AURELIE PFAUWADEL. Lacan le dissonant. Il y a ceux qui pensent rendre hommage à Lacan en le faisant passer à l’Histoire, refoulant toujours plus sa mémoire sous la stèle qu’ils sont si fiers de bâtir en l’honneur du grand homme et de son œuvre. Jean-Claude Milner fait parti, à l’inverse, de ceux pour qui les élaborations de Lacan n’appartiennent nullement au passé, mais constituent une nourriture quotidienne, une respiration présente qui aide à penser et à vivre.
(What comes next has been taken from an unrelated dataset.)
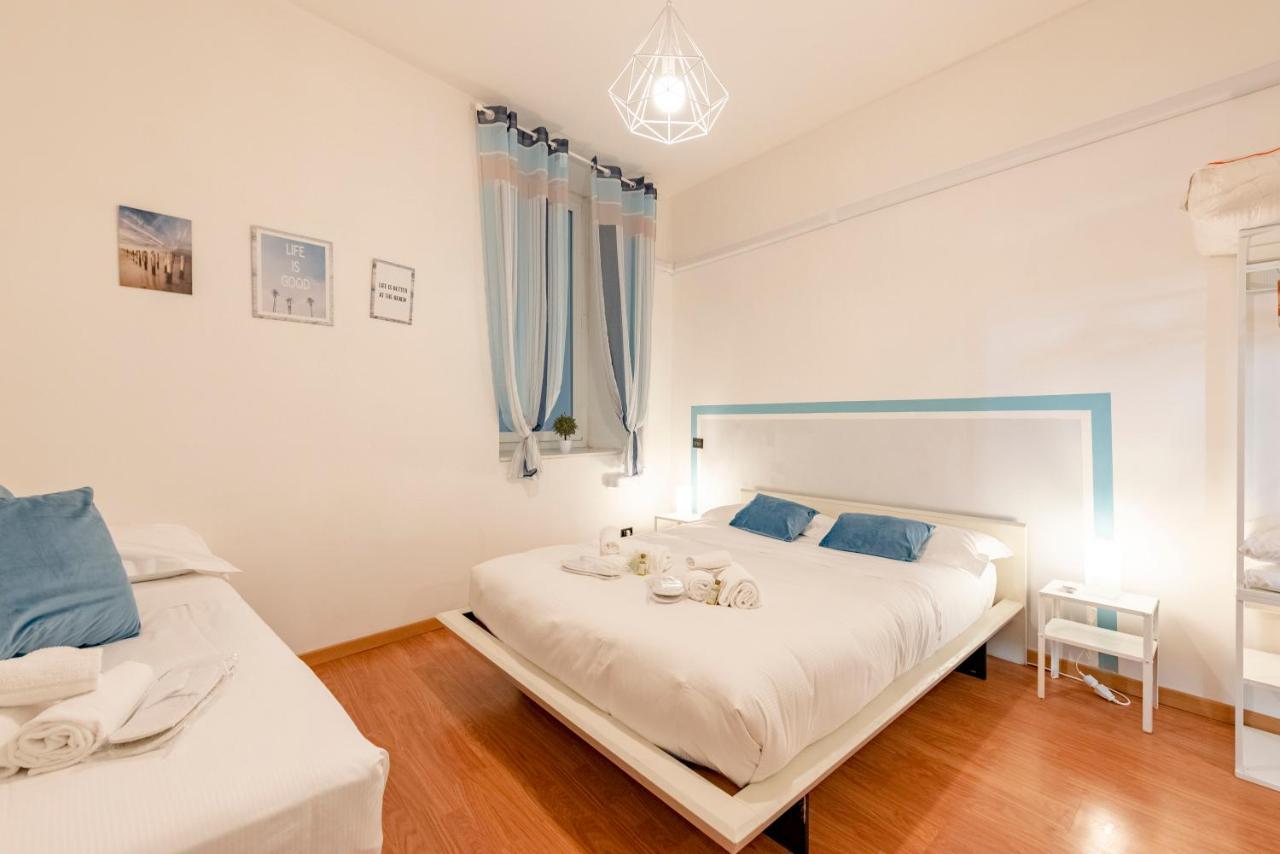 Mazzini 12 Very Central Apartment With Private Garage, Air Conditioning, Wifi, Just 50 Meters From The Beach ラッパロ エクステリア 写真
L’ouvrage Clartés de tout présente une série de six entretiens, menés par les psychanalystes Fabian Fajnwaks et Juan Pablo Lucchelli, qui l’interrogent sur la manière dont son œuvre ne cesse de tirer les conséquences radicales de la psychanalyse et des avancées de Lacan – à l’opposé des philosophes post-lacaniens qui se servent de Lacan pour « continuer comme avant ». Selon J.-C. Milner, la psychanalyse freudienne et lacanienne oblige à reprendre, à réécrire l’ensemble des textes philosophiques, et même l’ensemble des textes de savoir possibles : « Il n’y a pas de savoir qui soit immune à l’émergence de la psychanalyse » (p. 52). De là, sans doute, le titre énigmatique et agalmatique de l’ouvrage : Clartés de tout.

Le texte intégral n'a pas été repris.